Jakarta, kilasinformasi.com – Pemerintah terus mempercepat pemulihan konektivitas di wilayah terdampak bencana di Pulau Sumatra melalui pembangunan jembatan darurat jenis bailey yang kini menunjukkan progres signifikan. Informasi tersebut disampaikan menjelang Sidang Kabinet Paripurna (SKP) di Istana Negara, Jakarta, Senin (15/12/2025), dengan penayangan video capaian pembangunan jembatan yang telah selesai dikerjakan.
Sekretaris Kabinet Teddy Indra Wijaya menjelaskan bahwa dari total 50 jembatan bailey yang ditargetkan dibangun sepanjang Desember 2025, tujuh unit telah rampung. Beberapa di antaranya ditampilkan dalam video yang diputar di awal sidang sebagai bentuk laporan percepatan pemulihan infrastruktur pascabencana.
Seluruh material jembatan bailey, yang memiliki bobot antara 30 hingga 50 ton per unit, diangkut langsung dari Jakarta menuju tiga provinsi terdampak bencana di Sumatra. Langkah ini dilakukan untuk segera memulihkan akses transportasi dan mobilitas masyarakat yang sempat terputus akibat kerusakan infrastruktur.
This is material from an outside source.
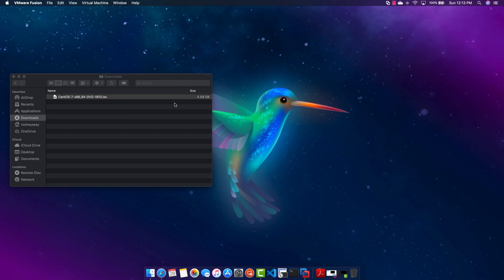Hey what's up you guys, it's Rocket here and today I'm going to show you guys how to install CentOS 7 into VMware Fusion and let's get straight into it.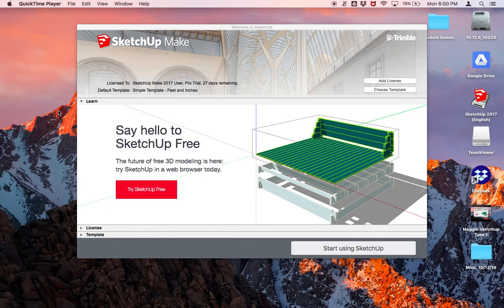Hello everyone. In this lesson, we're going to start using SketchUp Make, and this should be already installed on your computer. If you're using a Mac, this tutorial will be especially helpful because there are a few different commands on a Mac than there are on a PC.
Salah satu jembatan yang telah terbangun adalah Jembatan Bailey Teupin Mane di Kabupaten Bireuen, Aceh. Hingga 14 Desember 2025, jembatan tersebut sudah dapat dilalui pejalan kaki dan kendaraan roda dua, sementara pengoperasian penuh untuk kendaraan roda empat ditargetkan dalam waktu dekat. Di wilayah lain, Jembatan Bailey Anggoli di Kabupaten Tapanuli Tengah telah terpasang dengan bentang 33 meter, sementara di Sumatra Barat, Jembatan Bailey Bawah Kubang di Nagari Selayo serta Jembatan Bailey Sikabau di Nagari Sikabau mulai kembali difungsikan.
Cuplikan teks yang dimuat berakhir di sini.